4/6/2020  12:10-1:00pm  Online


The importance of data science skills for modern environmental science research cannot be understated, but graduate students in these fields typically lack these integral skills. Yet, over the last 20 years statistics preparation in these fields has grown to be considered vital, and statistics coursework has been readily incorporated into graduate programs. Thus, many environmental science graduate degree programs expect students to acquire the data science skills necessary for their research in the statistics coursework required for their degree. A gap exists, however, between the data science skills required for students’ participation in the entire data analysis cycle, and those taught in statistics service courses. Over the last ten years, environmental science and statistics educators have outlined the shape of the data science skills specific to research in their respective disciplines. Disappointingly, however, both sides of these conversations have ignored the area at the intersection of these fields, specifically the data science skills necessary for environmental science practitioners of statistics.
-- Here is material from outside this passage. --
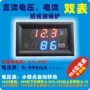 数字双显数显电压毫安表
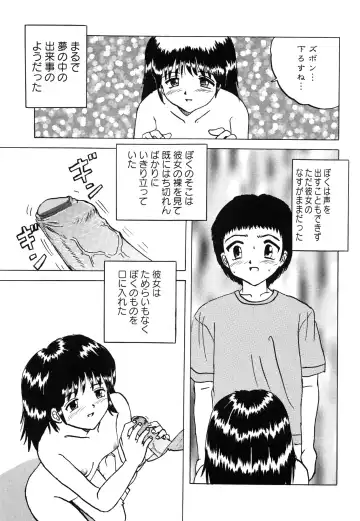 [Mumei] Shoujo-tachi no Ingyaku Fhentai - Page 155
My research focuses on describing the nature of environmental science graduate students’ need for data science skills when engaging in the data analysis cycle, through the voice of the students. In this presentation, I present three qualitative studies, each investigating a different aspect of this need. First, I present a study describing environmental science students’ experiences acquiring the computing skills necessary to implement statistics in their research. In-depth interviews revealed three themes in these students’ paths toward computational knowledge acquisition: use of peer support, seeking out a “singular consultant,” and learning through independent research. Motivated by the need for extracurricular opportunities for acquiring data science skills, next I describe research investigating the design and implementation of a suite of data science workshops tailored to meet the needs of environmental science graduate students. These workshops fill a critical hole in the environmental science and statistics curricula, providing students with the skills necessary to retrieve, view, wrangle, visualize, and analyze their data. Finally, I conclude with research that works toward identifying key data science skills necessary for environmental science graduate students as they engage in the data analysis cycle.